### [ACTIVITY]
Repeat all of the data word for word so that only the pictures are missing from the copy.

### [DATA PROVIDED]

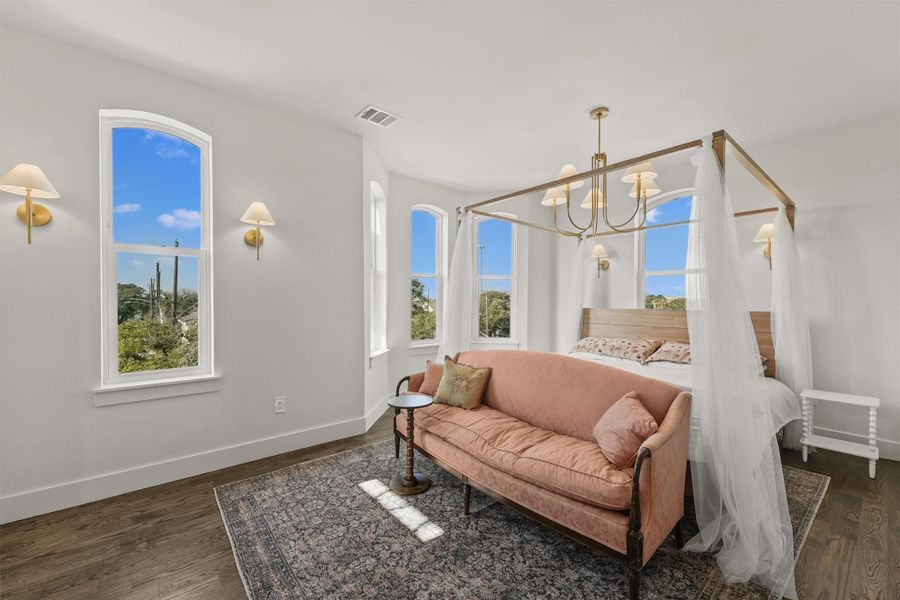 Furnished interior view inside a new home in , Galveston (Image 11).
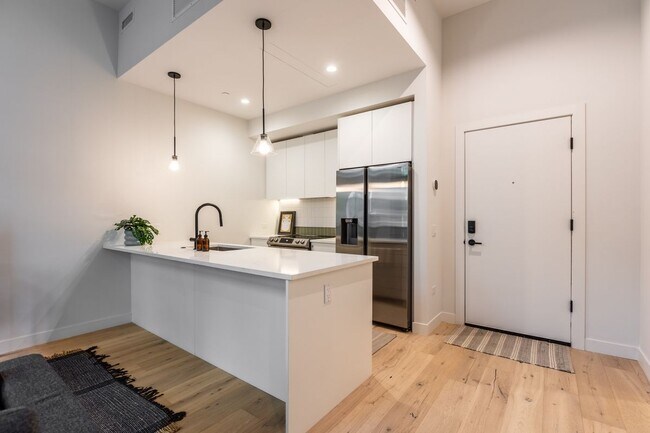 Foto del edificio - 1700 Oak Ave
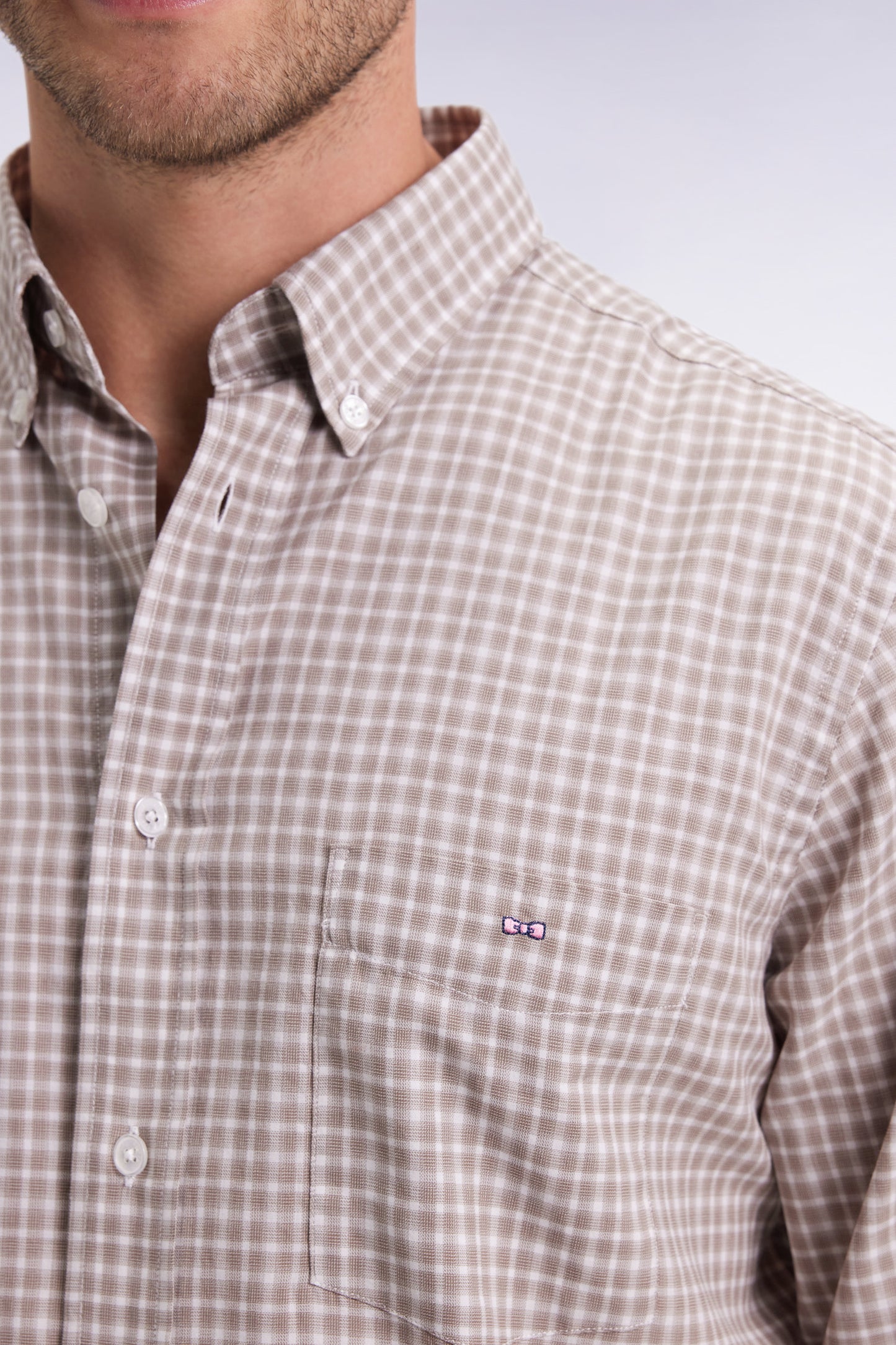 Chemise en coton à carreaux beige coupe droite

### [TASK SOLUTION]
 Furnished interior view inside a new home in , Galveston (Image 11).
 Foto del edificio - 1700 Oak Ave
 Chemise en coton à carreaux beige coupe droite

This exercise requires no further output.